What exactly is a metaverse? What makes it good or bad? Should it look like the physical world? Who has—or doesn’t have—access to virtual worlds? Who should be building them, and how decentralized should that process be? As part of Outland’s exploration of virtual worlds, led by guest editor Simon Denny, we spoke with five people, each of whom brings a distinctive perspectives on the matter: the creative director for one of web3’s most prominent virtual worlds; a metaverse aficionado who leads excursions to encourage virtual interaction; and three artists who are posing challenging questions about who the metaverse is for, how it is built, and how it can endure.
A metaverse is an extension of existence that manifests digitally either as an augmentation or an alternative to tactile existence. It is an environment in which human existence can be explored in the non-“real.” I’m building a decentralized metaverse that is accessible to people from the Global South on simple devices such as smartphones, with avatars that can be controlled using device sensors such as accelerometers. Users are able to connect with each other, whether in person or virtually or a combination of both, through the use of a “language of motion” developed specifically for the purpose of the environment. Users form connections in real time through dance and movement, no matter where they are in the world.
The most important conversation that this metaverse experiment explored was that of human-to-avatar representation. It was important for me to define what that means for a platform developed specifically for people in under-resourced and digitally marginalized parts of the world for whom online representation remains an unfulfilled dream. Representation latency is political because a handful of people in the Global North choose what the internet should look like, leaving billions in the Global South unseen and yet still exploited.

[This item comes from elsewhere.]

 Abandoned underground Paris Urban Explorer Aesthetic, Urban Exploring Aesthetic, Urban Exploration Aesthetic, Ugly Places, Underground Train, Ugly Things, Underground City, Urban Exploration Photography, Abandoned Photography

As I see it, we’re already living in a metaverse. We spent the last twenty years digitizing everything. We spend 75 percent of our free time online. But the UI is terrible. It’s not a human experience. It’s not something you feel fully immersed in. If you compare the metaverse to the history of film, we’re in the days of silent movies. We have decades of innovation ahead of us. Some people say the metaverse should be completely abstract. I believe that in some ways humans need to be grounded in something that we recognize. We follow conventional physics even though we don’t have to. We have streets, even though you can teleport from one place to another. Some people like walking down the street. And at the other end there might be a floating, animated building. That really stands out because it doesn’t happen in the real world.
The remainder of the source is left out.